DuPage election panel to keep Reverse Spin — for now
Updated: September 10, 2012 12:37PM
WHEATON — Citing an extensive array of “unique challenges” that will converge in his office over the coming months, the director of the DuPage County Election Commission last week successfully argued for the retention of a controversial Wheaton public relations firm to provide communications support — but only until the polls close.
Bob Saar noted in a memo to the board of commissioners that heavy voter turnout is expected and said his energies will be needed in the office.
“I believe it is more beneficial for the agency that I keep my attention on administrative and election process matters that would be diluted by taking over and adjusting to new PR responsibilities,” Saar wrote. “In past presidential elections, the number of local and national press inquiries has been extremely numerous. Additionally, with the introduction of bilingual voting to the majority of voters, the new vote by mail law, and changes in all political boundaries due to the decennial reapportionment, will only serve to increase the number of press inquiries.”
Other variables making this round unusual, Saar wrote, include the entirely new makeup of the commission board; new commission staff members and the recent loss of two experienced employees who have not yet been replaced; recently enacted policy changes prompted by recommendations in the Crowe Horwath report on county agencies earlier this year; a newly launched website that may need tweaking by staff; and assorted changes in voting laws.
Commission chairwoman Cathy Terrill, who last month questioned the need to continue spending $3,000 monthly for the services of Reverse Spin, joined her two fellow board members in agreeing to fund the expense in the short term, because Saar “has a need functionally” to have access to the services through Election Day.

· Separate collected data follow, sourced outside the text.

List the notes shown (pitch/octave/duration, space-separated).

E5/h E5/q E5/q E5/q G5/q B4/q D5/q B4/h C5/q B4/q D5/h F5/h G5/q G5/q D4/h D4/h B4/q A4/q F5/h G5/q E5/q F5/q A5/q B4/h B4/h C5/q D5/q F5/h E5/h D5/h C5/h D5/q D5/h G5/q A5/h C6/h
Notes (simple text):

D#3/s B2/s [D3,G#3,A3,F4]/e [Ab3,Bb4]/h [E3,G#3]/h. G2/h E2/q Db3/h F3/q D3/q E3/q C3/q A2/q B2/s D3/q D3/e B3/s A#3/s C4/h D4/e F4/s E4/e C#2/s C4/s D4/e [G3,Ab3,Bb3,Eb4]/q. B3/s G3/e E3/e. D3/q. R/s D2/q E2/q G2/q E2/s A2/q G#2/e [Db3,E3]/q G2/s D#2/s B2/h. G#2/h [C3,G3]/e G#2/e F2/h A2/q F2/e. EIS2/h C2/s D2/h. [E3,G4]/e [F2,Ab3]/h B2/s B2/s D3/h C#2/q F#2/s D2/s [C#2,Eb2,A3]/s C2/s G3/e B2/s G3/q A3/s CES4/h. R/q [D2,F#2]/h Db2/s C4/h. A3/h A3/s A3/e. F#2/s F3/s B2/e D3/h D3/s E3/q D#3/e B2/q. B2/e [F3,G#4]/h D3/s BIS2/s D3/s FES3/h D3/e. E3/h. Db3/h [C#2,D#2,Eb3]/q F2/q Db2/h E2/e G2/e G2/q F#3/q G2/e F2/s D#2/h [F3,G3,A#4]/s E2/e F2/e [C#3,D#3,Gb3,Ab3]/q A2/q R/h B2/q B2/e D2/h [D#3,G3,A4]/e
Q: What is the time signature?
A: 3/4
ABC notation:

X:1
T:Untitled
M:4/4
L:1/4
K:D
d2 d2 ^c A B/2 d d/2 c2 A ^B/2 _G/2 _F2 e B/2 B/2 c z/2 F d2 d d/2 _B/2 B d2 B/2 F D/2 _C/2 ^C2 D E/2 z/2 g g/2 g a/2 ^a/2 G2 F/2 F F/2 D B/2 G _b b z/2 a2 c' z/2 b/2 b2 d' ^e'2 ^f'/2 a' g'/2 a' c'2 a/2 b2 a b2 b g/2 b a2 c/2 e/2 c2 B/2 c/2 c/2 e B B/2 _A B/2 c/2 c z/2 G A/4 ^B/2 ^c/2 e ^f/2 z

Curry has worked for the commission since early 2008.
“After that, it will need to go through a regular process for approval: a. justify the need, and then b. follow the appropriate procurement and/or contract requirements,” Terrill said. “We are simply extending it because the director says he needs the help between now and the November election.”
Commissioner Art Ludwig supported the outlay, which is included in the commission’s yearly budget but comes up for approval every month.
“I think the stakes are high for this November’s election,” Ludwig said, later adding, “If there’s anything bad that’s going to happen, it’s going to happen between now and then.”
Newly appointed commission member Chris Hage also agreed it made sense to grant Saar’s request.
“Obviously we should revisit this in the future,” he said.
Residents and county officials on both sides of the political aisle have aired questions about Reverse Spin, which also works for the Forest Preserve District of DuPage County, at $4,000 monthly. Some note that firm partner Dan Curry’s extensive work in the political realm calls into question the impartiality of his services.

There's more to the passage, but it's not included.